Par Slim BEN YOUSSEF
Le 2 avril 2025, dans les jardins fleuris de la Maison-Blanche, Donald Trump a redessiné à coups de marteau les lignes du commerce mondial. Derrière l’apparente équation des « tarifs réciproques » se cache une logique brutale : soumettre les économies du Sud à l’arithmétique froide des puissants. La Tunisie n’est pas épargnée. Vingt-huit pour cent. Vingt-huit pour cent de droits de douane, imposés sur nos exportations vers les États-Unis. Dans le viseur : le textile, pilier de notre commerce, et l’agroalimentaire — huile d’olive, dattes — déjà en concurrence sur le marché américain. Pas un mot d’exception. Pas un regard vers ce pays qu’on disait « partenaire stratégique ». Vingt-huit pour cent. Presque le triple du taux de base accordé aux « privilégiés ». Un tarif qui dit tout, sans jamais prononcer son nom.
C’est une claque, certes. Mais surtout, c’est une leçon.

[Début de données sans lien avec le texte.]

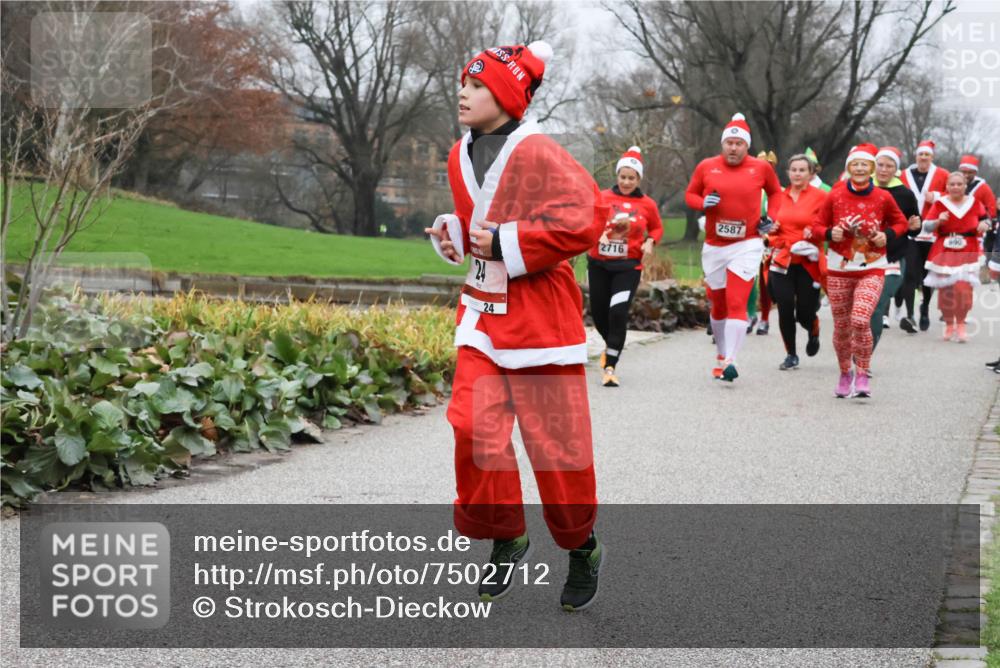 08.12.2024 - St. Pauli X-Mass-Run No. 14 Strokosch-Dieckow http://msf.ph/oto/7502712 08.12.2024 09:56:03 Laufen 24, 24, 2716, 2587, 690 meine-sportfotos.de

Durant la décennie nahdhaouie, la Tunisie a souvent été perçue (et s’est parfois présentée elle-même) comme une vitrine du soi-disant printemps arabe. Séduisante pour les chancelleries occidentales, décorée de félicitations diplomatiques, nourrie de promesses, encadrée de photos de famille dans les ambassades. Que des illusions de complicité. Que des mots aimables. Mais quand vient l’heure des décisions économiques, il n’y a plus ni amis ni modèles, il ne reste que les rapports de force. Et le nôtre, manifestement, ne pèse pas lourd dans la balance trumpienne.
Alors, que faire ? Pleurnicher dans les couloirs de l’OMC ? Supplier un allègement qui n’arrivera pas ? Non. Ce tarif est plus qu’une mesure technique. C’est un signal politique fort. Il doit nous réveiller. Il est temps de sortir de l’ombre diplomatique. De rompre avec l’attentisme stratégique. La Tunisie ne peut plus être un simple espace tampon entre les blocs. Un bon élève sans audace. Un figurant dans les recompositions du monde.
Notre réponse doit être lucide, courageuse. Défendre nos intérêts sans naïveté. Diversifier nos partenaires, oui. Tendre la main vers l’Afrique, l’Asie, l’Amérique latine, les BRICS. Mais aussi – surtout – retrouver une voix propre. Une parole claire, exigeante, non alignée. Une voix qui dit : ‘Nous ne sommes pas vos ennemis. Mais nous ne serons plus – jamais plus – vos obligés’.
Car ce tarif n’est pas qu’un obstacle. Il est un révélateur. De notre dépendance. De nos illusions. Et peut-être, si nous le voulons, le point de départ d’une politique étrangère enfin lucide. Ni docile, ni agressive. Une politique étrangère audacieuse, inventive et fièrement tunisienne.